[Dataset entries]

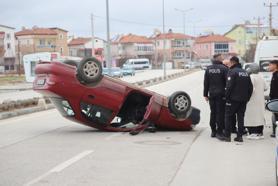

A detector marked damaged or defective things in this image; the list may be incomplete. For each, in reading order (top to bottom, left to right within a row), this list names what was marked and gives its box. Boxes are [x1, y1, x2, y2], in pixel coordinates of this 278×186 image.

overturned red car [33, 57, 200, 133]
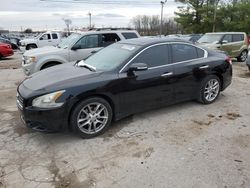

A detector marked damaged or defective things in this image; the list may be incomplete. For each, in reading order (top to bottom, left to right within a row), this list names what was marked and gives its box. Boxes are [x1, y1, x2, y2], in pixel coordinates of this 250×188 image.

cracked asphalt [0, 53, 250, 188]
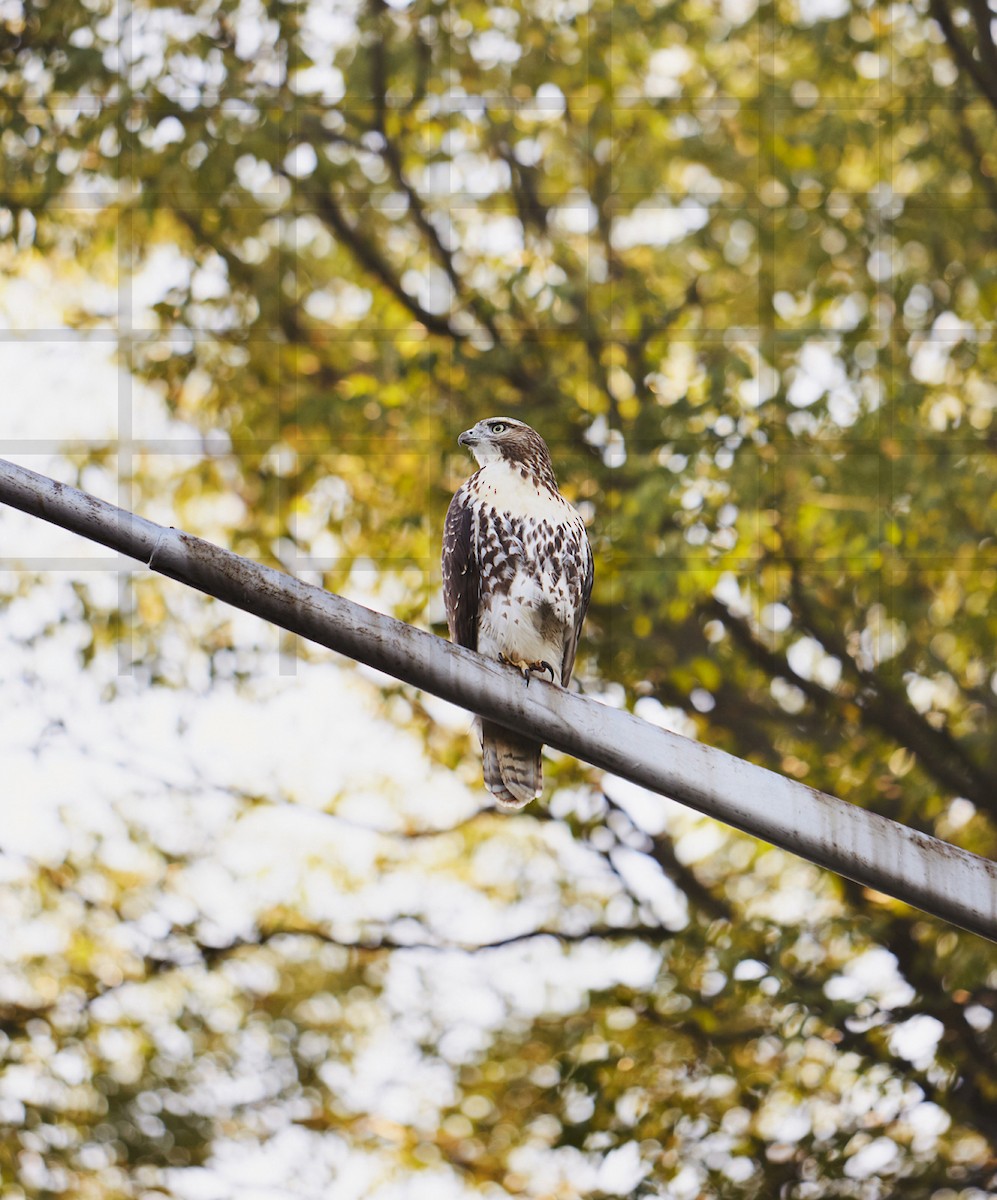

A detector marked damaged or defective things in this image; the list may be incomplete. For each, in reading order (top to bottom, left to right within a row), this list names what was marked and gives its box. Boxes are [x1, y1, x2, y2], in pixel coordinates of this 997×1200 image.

rusty metal pole [1, 453, 997, 940]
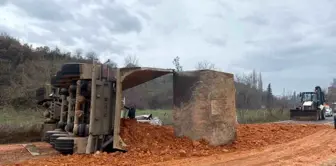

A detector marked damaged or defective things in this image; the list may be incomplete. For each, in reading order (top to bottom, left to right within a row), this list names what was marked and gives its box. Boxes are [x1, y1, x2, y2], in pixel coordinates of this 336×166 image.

overturned truck [36, 62, 236, 154]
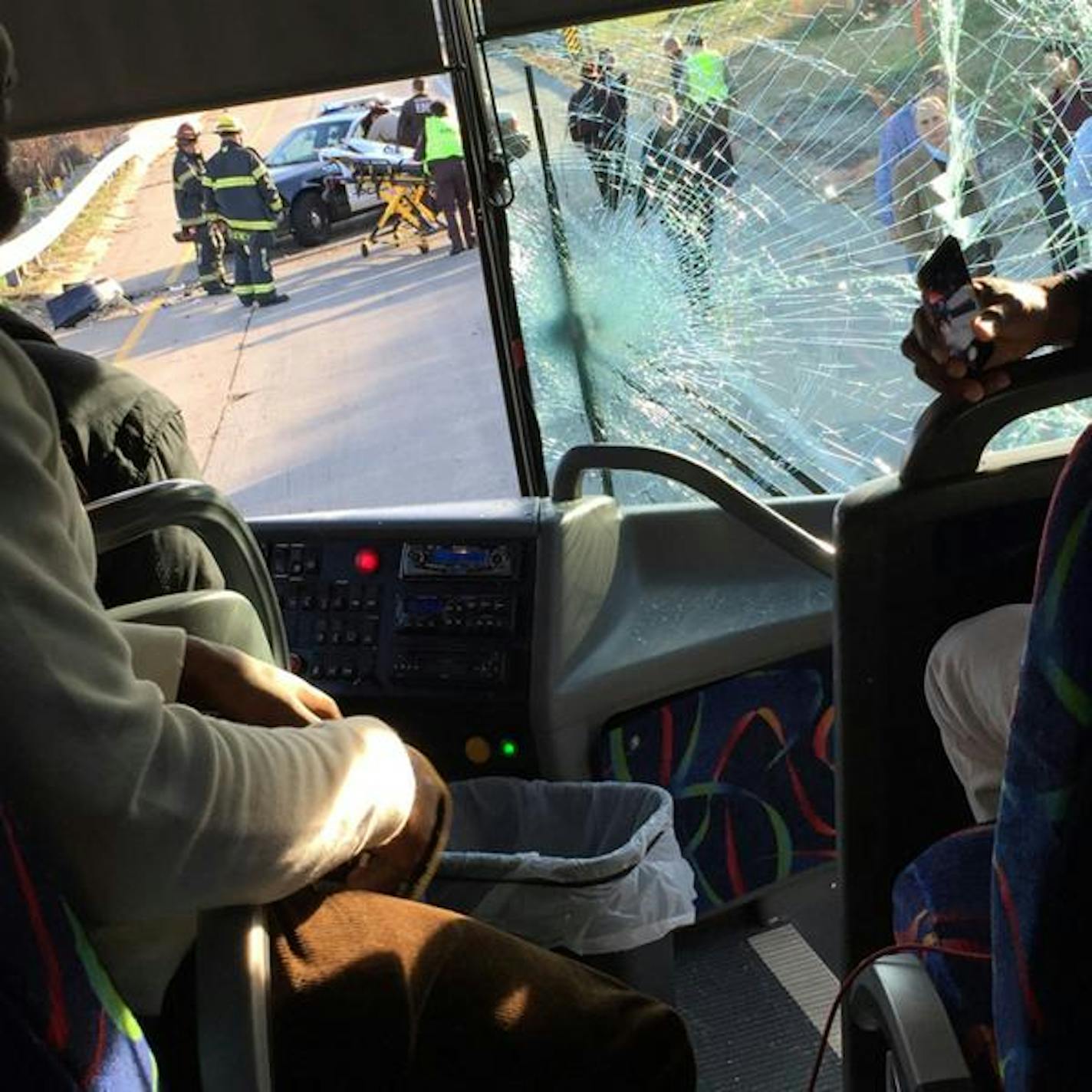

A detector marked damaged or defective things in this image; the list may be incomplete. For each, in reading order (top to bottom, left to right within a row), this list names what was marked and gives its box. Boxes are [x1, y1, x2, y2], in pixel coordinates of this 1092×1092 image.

crashed car [268, 102, 534, 245]
shattered windshield [485, 0, 1092, 500]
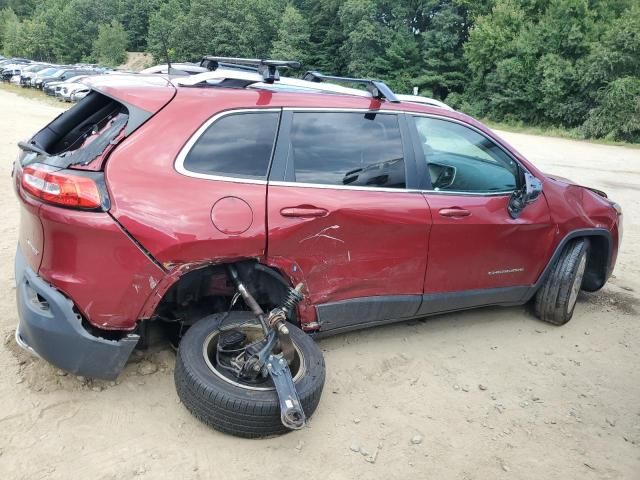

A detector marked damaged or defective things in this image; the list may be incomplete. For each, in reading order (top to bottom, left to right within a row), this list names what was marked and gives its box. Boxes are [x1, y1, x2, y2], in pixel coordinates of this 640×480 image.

crumpled rear bumper [14, 246, 139, 380]
detached rear wheel [175, 312, 324, 438]
damaged red suv [11, 58, 620, 436]
detached rear wheel [536, 238, 592, 324]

GOAL OF THE EXERCISE: What is needed is an exact copy of the lines from the one containing "this 640×480 image." through the final line of the data, both included, and nothing more.

REPLY TO THE TASK:
A detector marked damaged or defective things in this image; the list may be incomplete. For each, in reading order (top to bottom, left to right within a row), this list names what was marked and gives its box. Boxes are [x1, y1, x2, y2], in pixel coordinates of this 640×480 image.

crumpled rear bumper [14, 246, 139, 380]
detached rear wheel [175, 312, 324, 438]
damaged red suv [11, 58, 620, 436]
detached rear wheel [536, 238, 592, 324]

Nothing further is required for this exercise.